Creo en las virtudes de esa mirada dual y aquí muestro parte de la mía. Lo hago con mis palabras, quizás torpes y con mis fotografías, siempre sinceras. Este proyecto ha supuesto para mi una investigación sobre la convivencia de esa belleza efímera que me atrae en momentos muy distintos de mi vida. Utilizo mis instintos primarios, apoyándome en la sencillez de las formas para encontrar la belleza intrínseca de cada ser.
Las imágenes que se encuentran a continuación han supuesto para mi una evasión profunda que me ha permitido apreciar los marcados contrastes de la desnudez. He trabajado en ellas inmerso en un lapso indefinido de tiempo que me ha permitido alejarme de la estresante realidad que nos envuelve y nos arrolla sin dejarnos avanzar en nuestra manera de mirar. Espero que al verlas, tu mente sea capaz de evadirse como la mía y disfrutes de tu propia dualidad, al desnudo.”

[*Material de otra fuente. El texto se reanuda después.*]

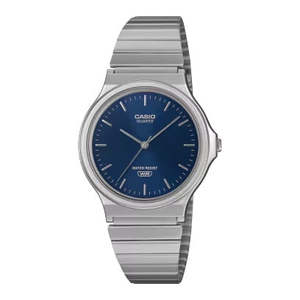 Casio Metal Strap Analogue WR MQ24DA-2A
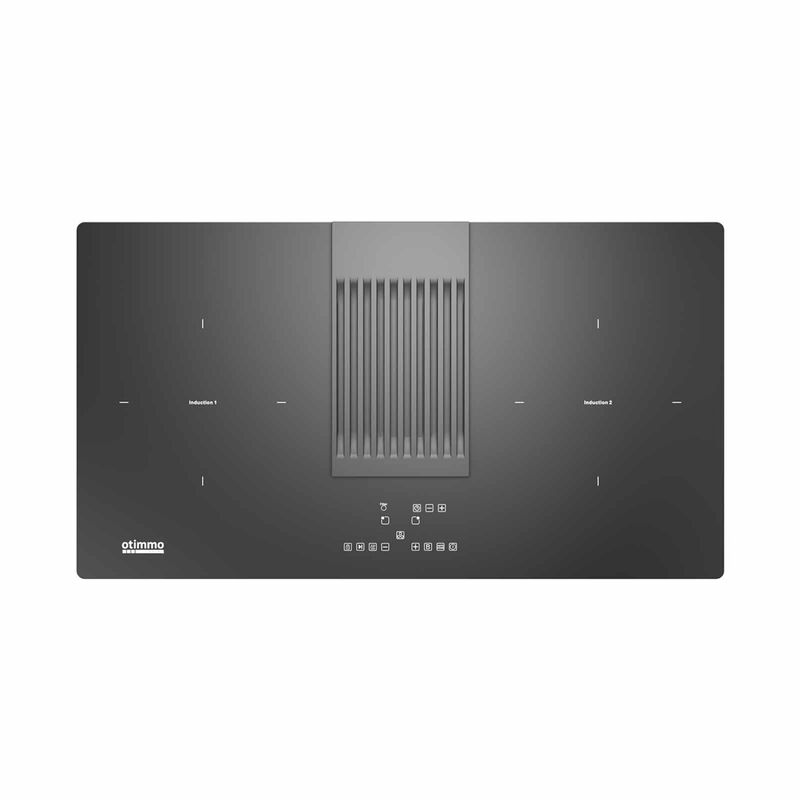 OTIMMO 2 Zone Induction Buner With Downdraft Hood (78cm) (exclude Installation) EIH8782E-image 1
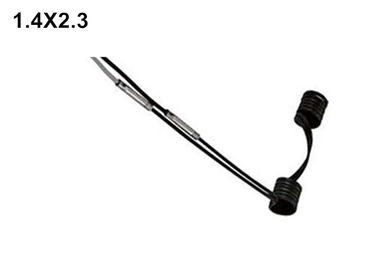 Hot runner electric heater coil heaters flat section 1.4X2.3 round pipe2.0 black color export to globle market
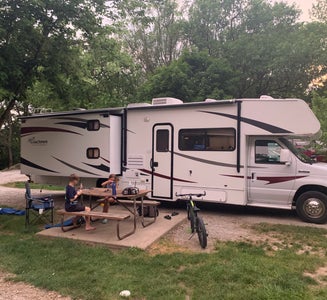 Camper-submitted photo from Hickory Hill Campground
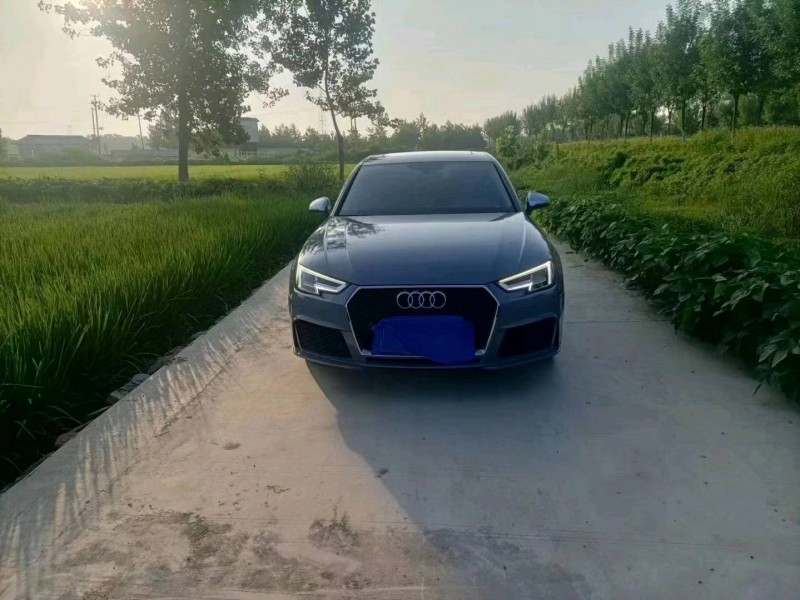 徐州17年奥迪A4L1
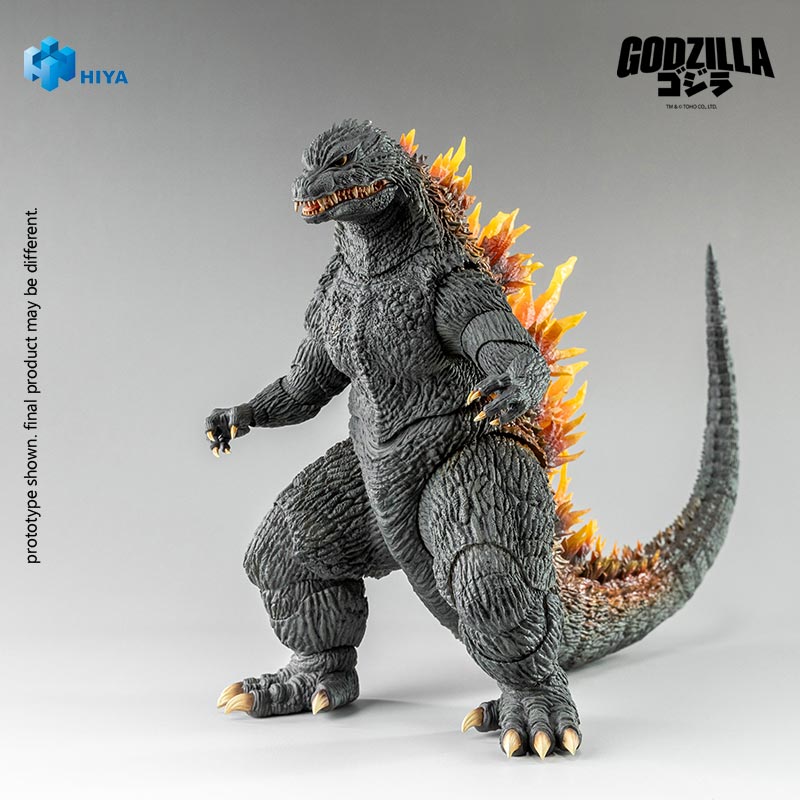 PRE-ORDER Hiya Toys - Exquisite Basic - Godzilla 2000: Millennium (1999) - Godzilla: Radiation Heat Ray Ver.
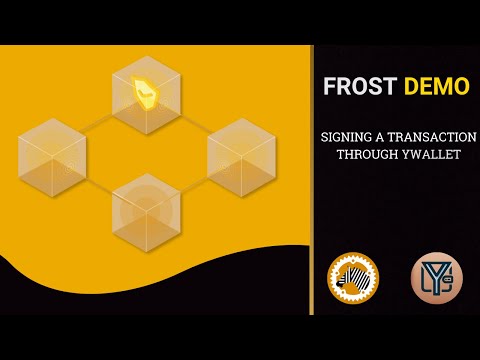 FROST + Ywallet Transaction Demo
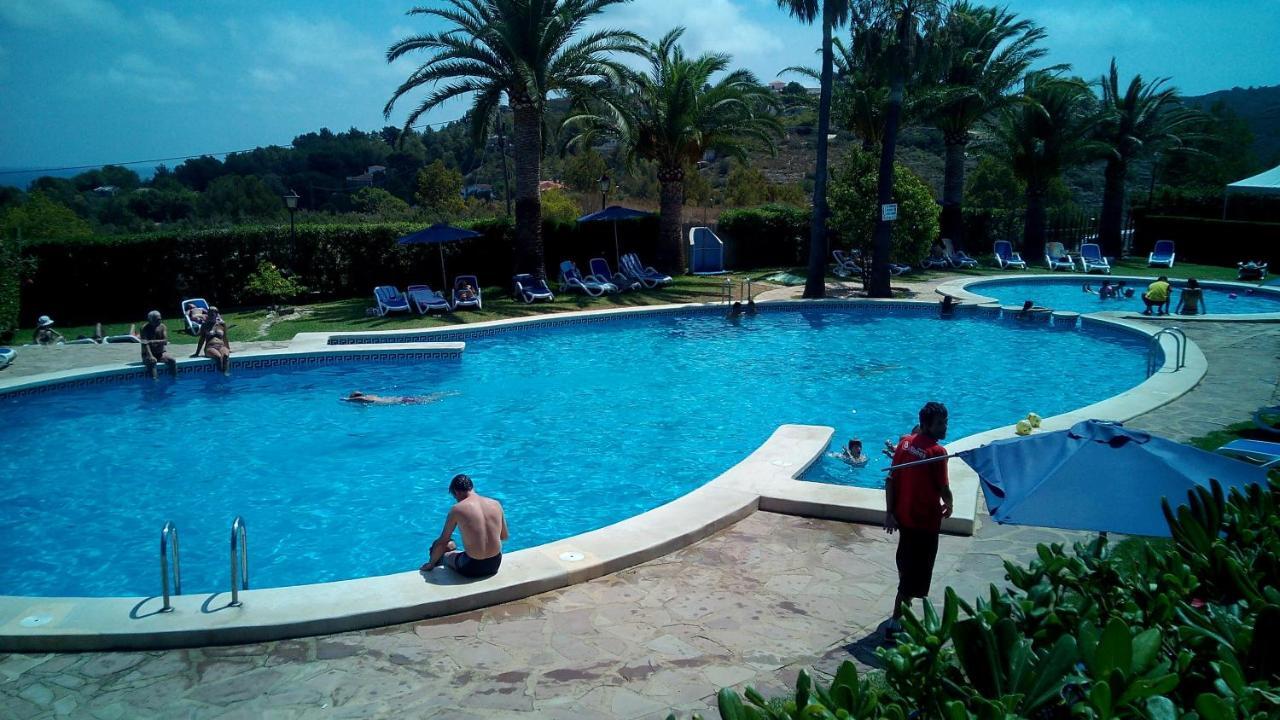 Parque Denia Aparthotel Buitenkant foto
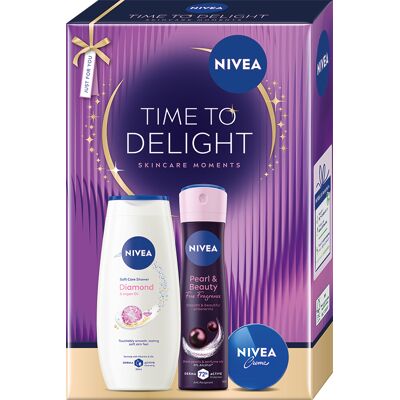 Nivea Time to Delight box Nivea Time to Delight box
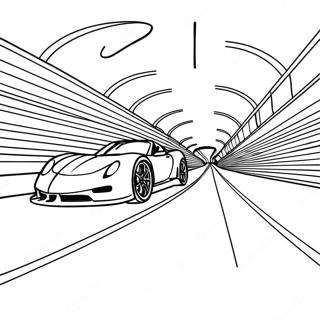 Race Track Coloring Page 52662-42156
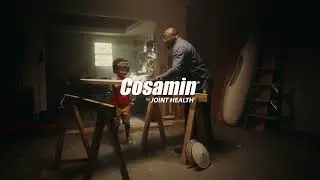 &ldquo;The Last Thing We Want Is Joint Discomfort Slowing Us Down&rdquo; - Cosamin&reg;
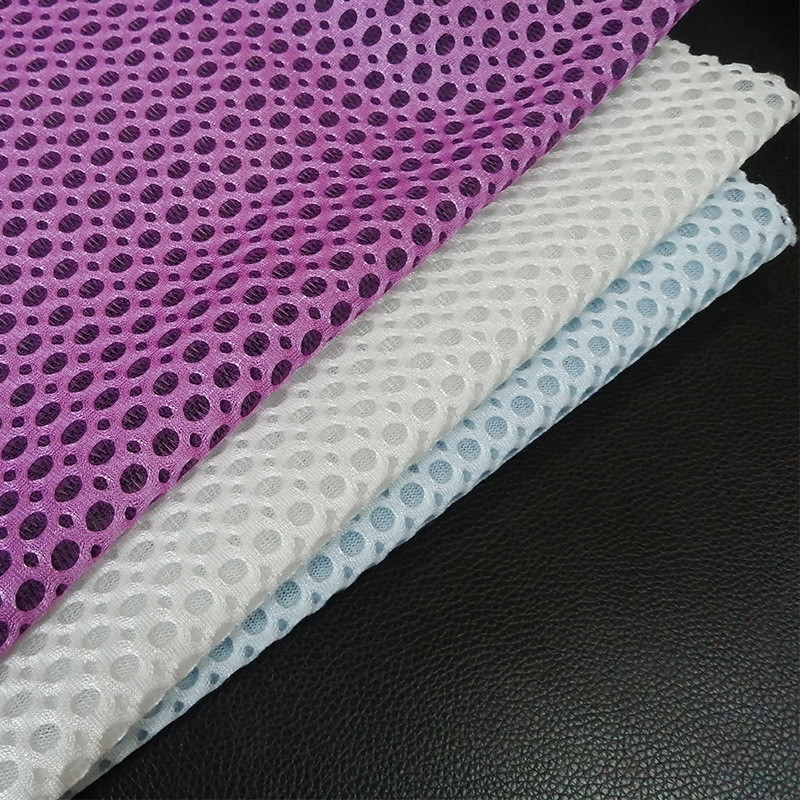 230GSM Air Mesh Material Highly Flexible Poly Mesh Fabric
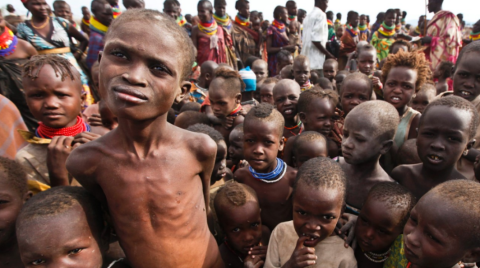 6.5 millones de niños podrían morir de hambre en África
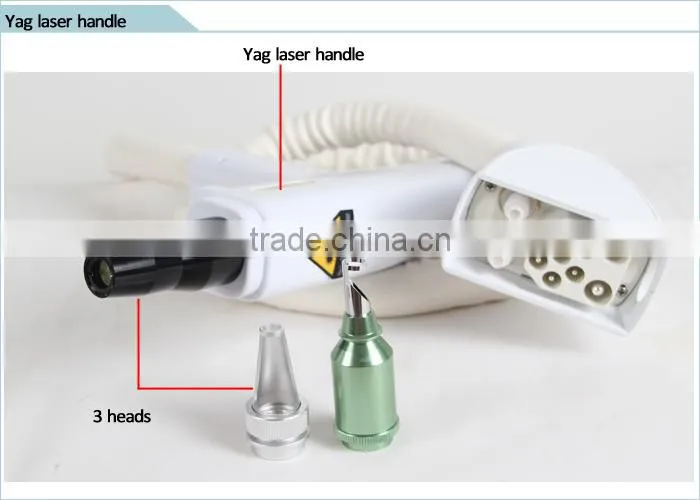 2015 Professional YAG laser tattoo removal machine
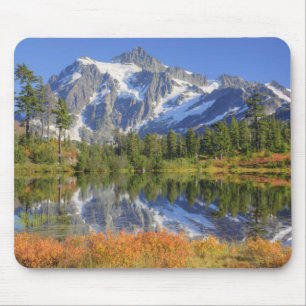 WA, Heather Meadows Freizeitgelände, Berg Mousepad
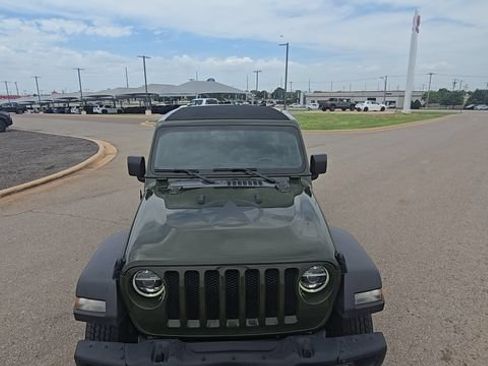 Used 2021 Jeep Wrangler Unlimited Sport AWD/4WD image 28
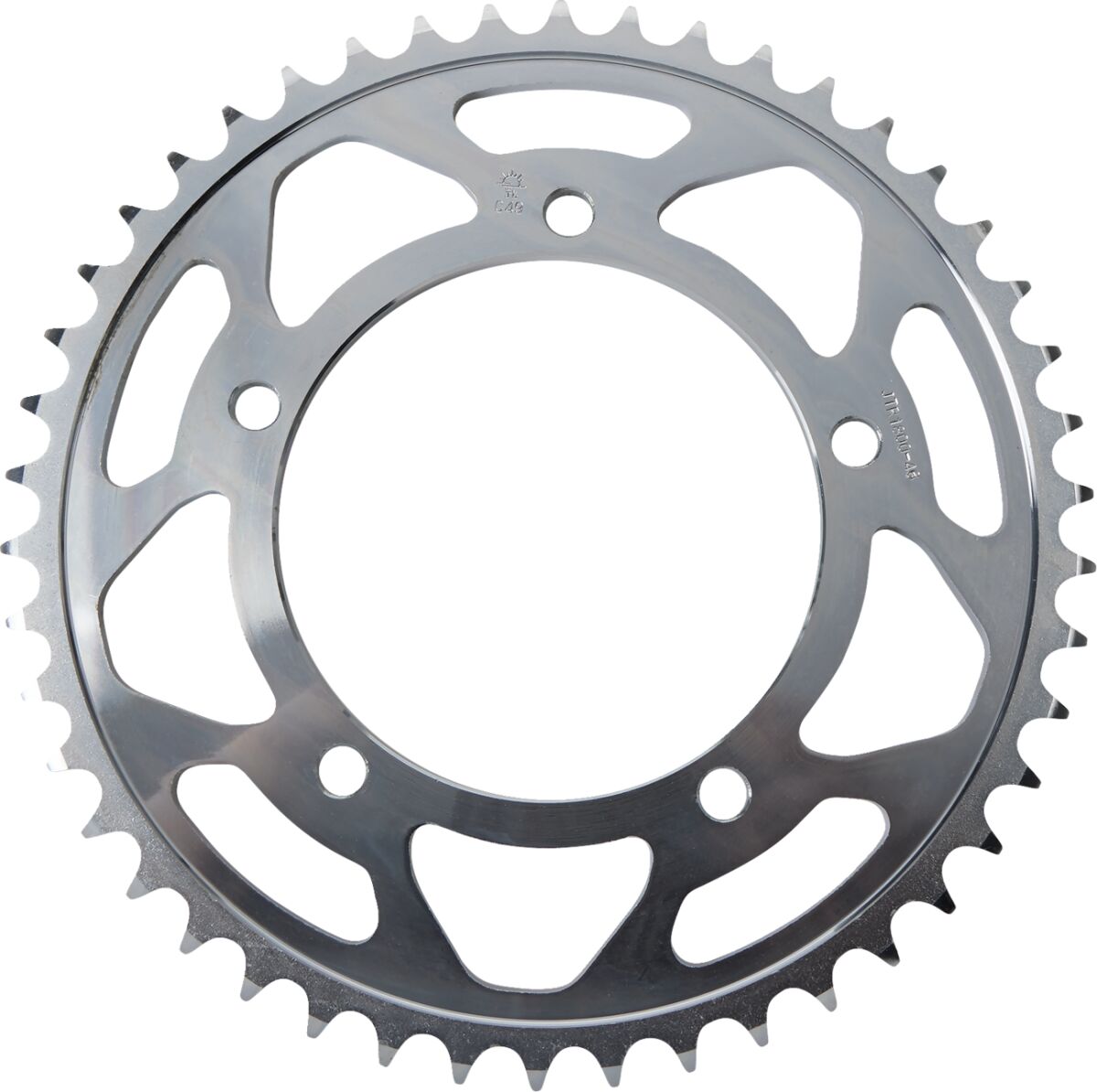 JT SPROCKETS JTR1800.46 REAR REPLACEMENT SPROCKET 46 TEETH 530 PITCH NATURAL STEEL JTR1800.46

Enrique Fantova empieza su trayectoria de estudiante en la academia y galería Spectrum Sotos (Zaragoza), donde recibe la totalidad de los cursos llegando al “superior” y “creativo”. Más adelante asiste a diferentes talleres de retrato impartidos por Pedro Avellaneda, viajando posteriormente a Madrid y Barcelona de manera constante para recibir talleres con diversos artistas y fotógrafos. Desde hace un tiempo y en la actualidad basa su formación en el aprendizaje autodidacta, constante y diario. La línea principal de esta vía de desarrollo personal es a través de la exploración de sus inquietudes, siempre basadas en la luz, la morfología y la composición, tanto en el retrato como en el desnudo artístico.